RAW DATA ::
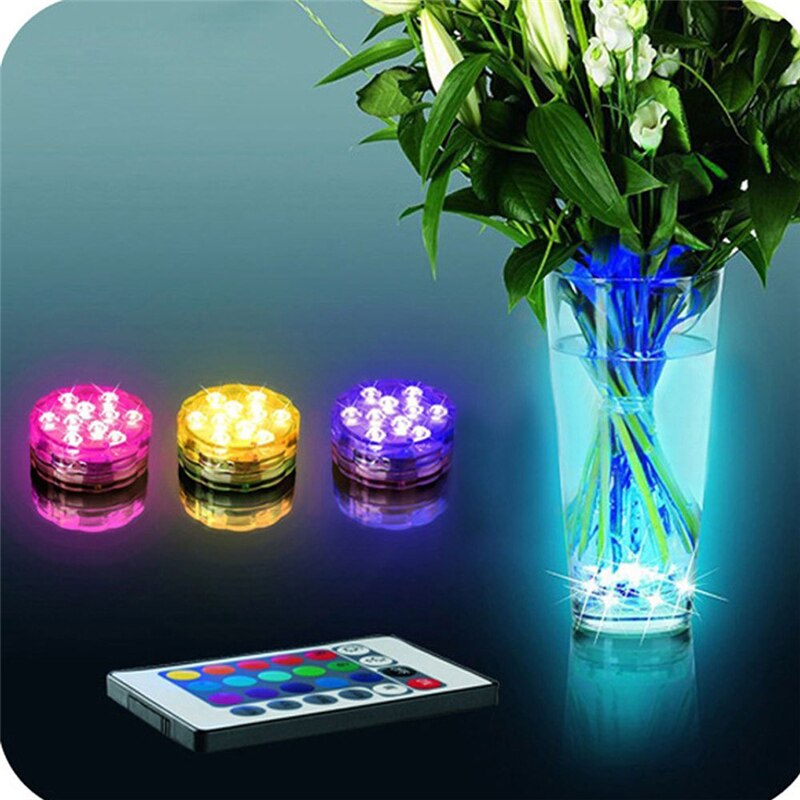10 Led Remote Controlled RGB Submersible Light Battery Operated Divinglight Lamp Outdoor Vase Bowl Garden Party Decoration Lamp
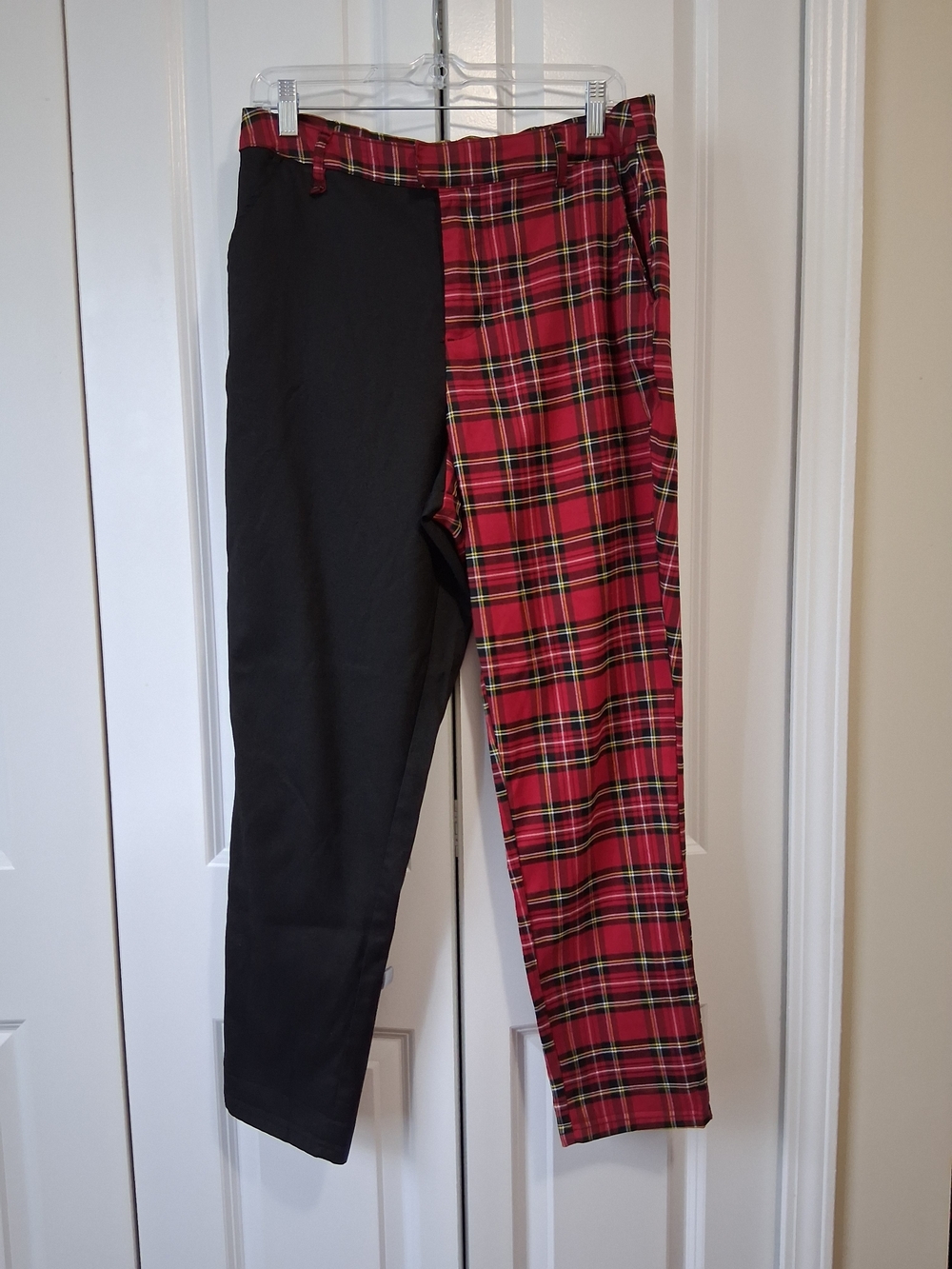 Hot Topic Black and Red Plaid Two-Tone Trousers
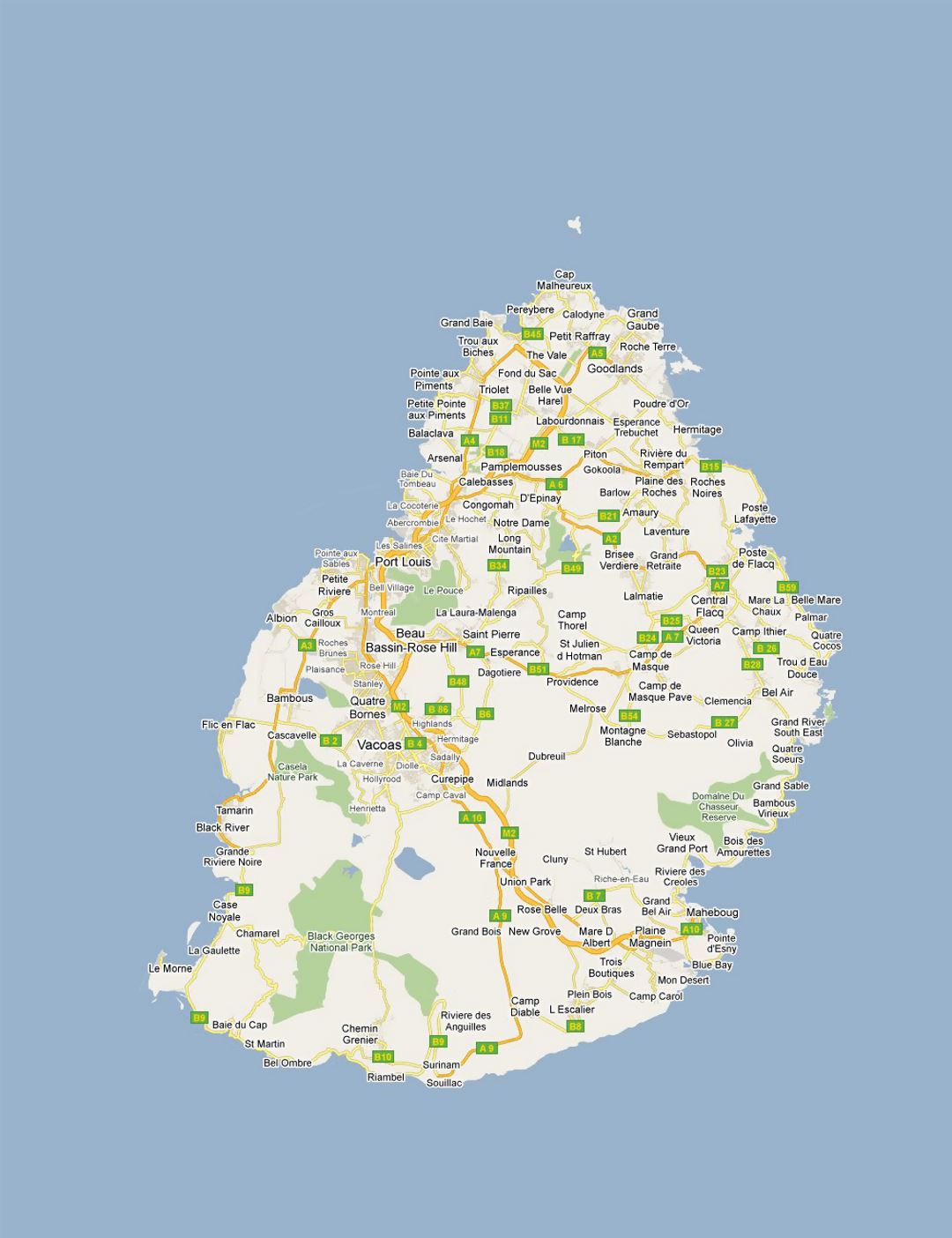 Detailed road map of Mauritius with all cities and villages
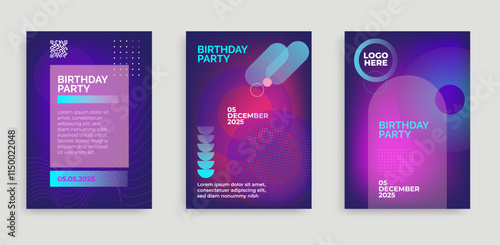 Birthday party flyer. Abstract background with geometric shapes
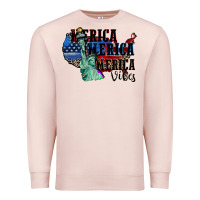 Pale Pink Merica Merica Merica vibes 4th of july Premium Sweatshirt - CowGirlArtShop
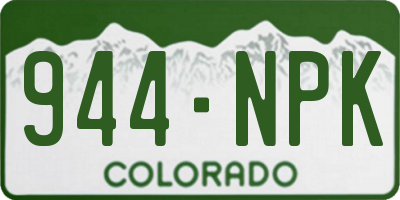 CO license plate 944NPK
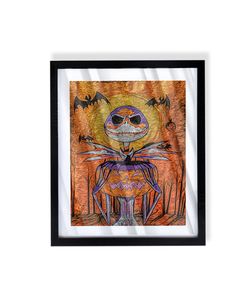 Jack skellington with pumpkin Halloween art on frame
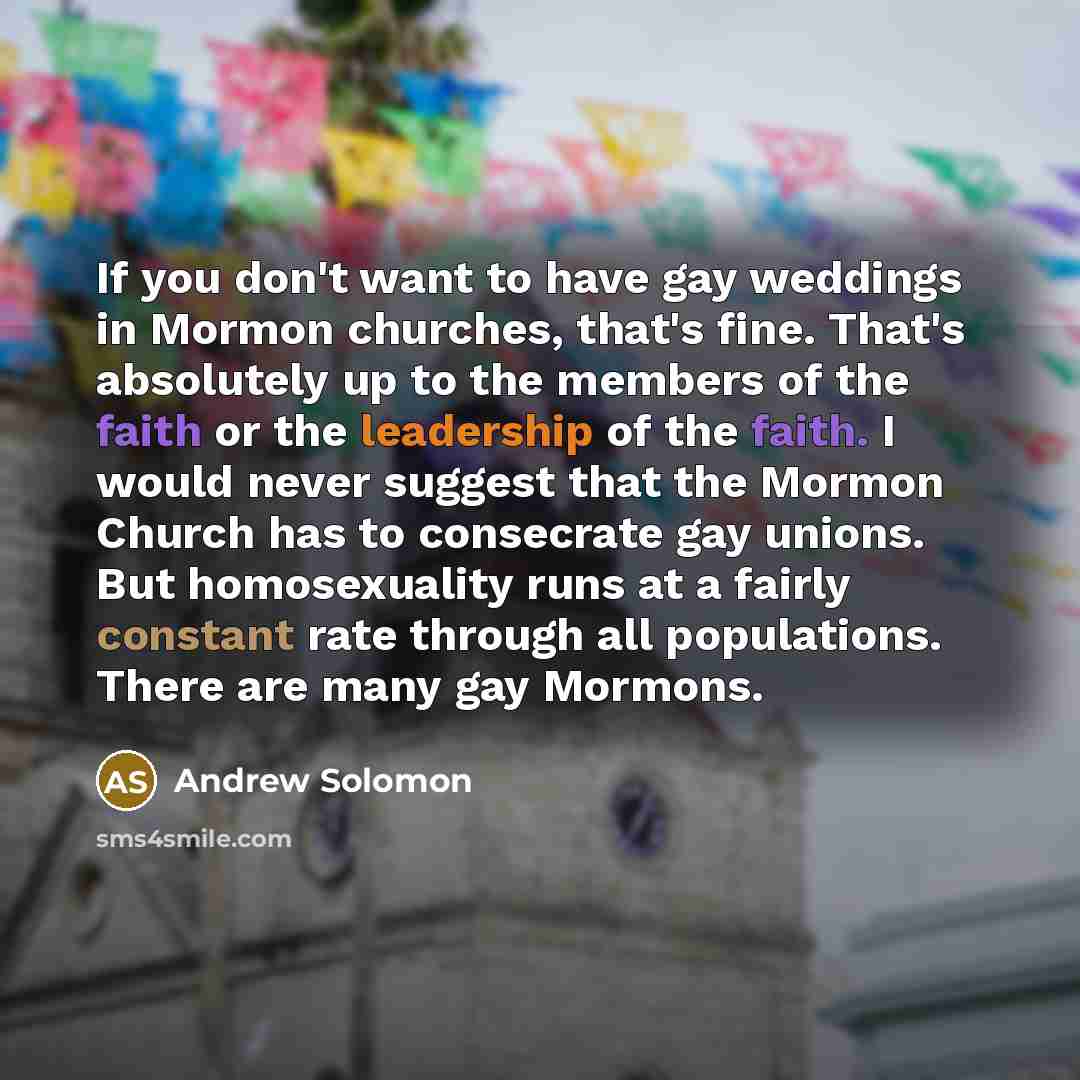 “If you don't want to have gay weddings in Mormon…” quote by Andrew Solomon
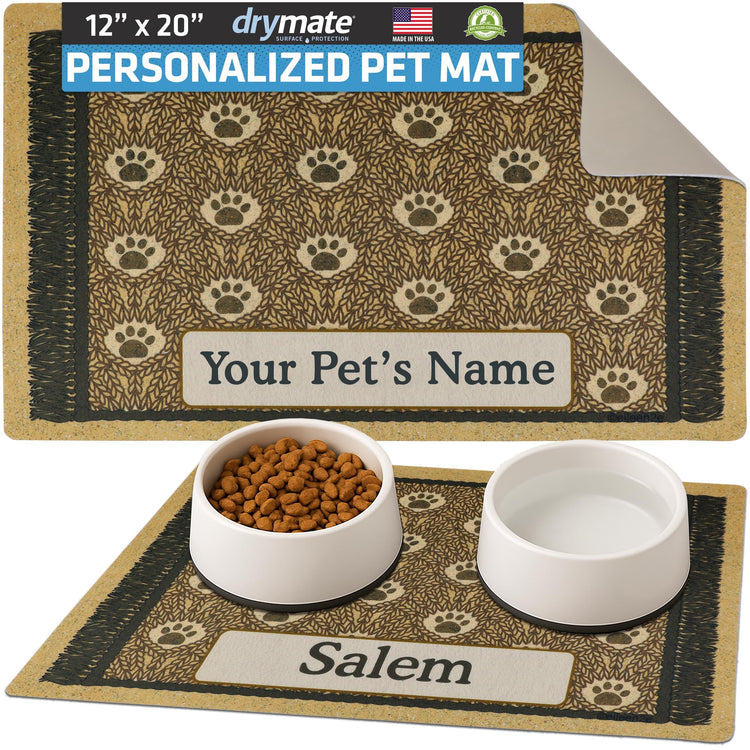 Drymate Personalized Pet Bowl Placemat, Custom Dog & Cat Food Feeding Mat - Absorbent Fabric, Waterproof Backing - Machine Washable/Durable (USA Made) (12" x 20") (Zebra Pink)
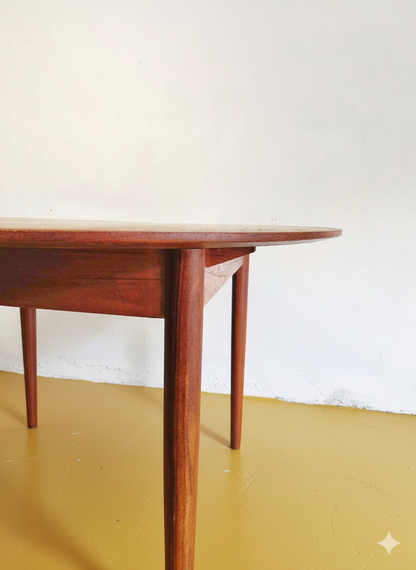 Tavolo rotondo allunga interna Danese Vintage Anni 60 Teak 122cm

ACTION ITEM :: After locating the line with "by Andrew Solomon", transcribe it and the rest of the data above exactly as written, without any picture.

ANSWER TO THE PROBLEM ::
 “If you don't want to have gay weddings in Mormon…” quote by Andrew Solomon
 Drymate Personalized Pet Bowl Placemat, Custom Dog & Cat Food Feeding Mat - Absorbent Fabric, Waterproof Backing - Machine Washable/Durable (USA Made) (12" x 20") (Zebra Pink)
 Tavolo rotondo allunga interna Danese Vintage Anni 60 Teak 122cm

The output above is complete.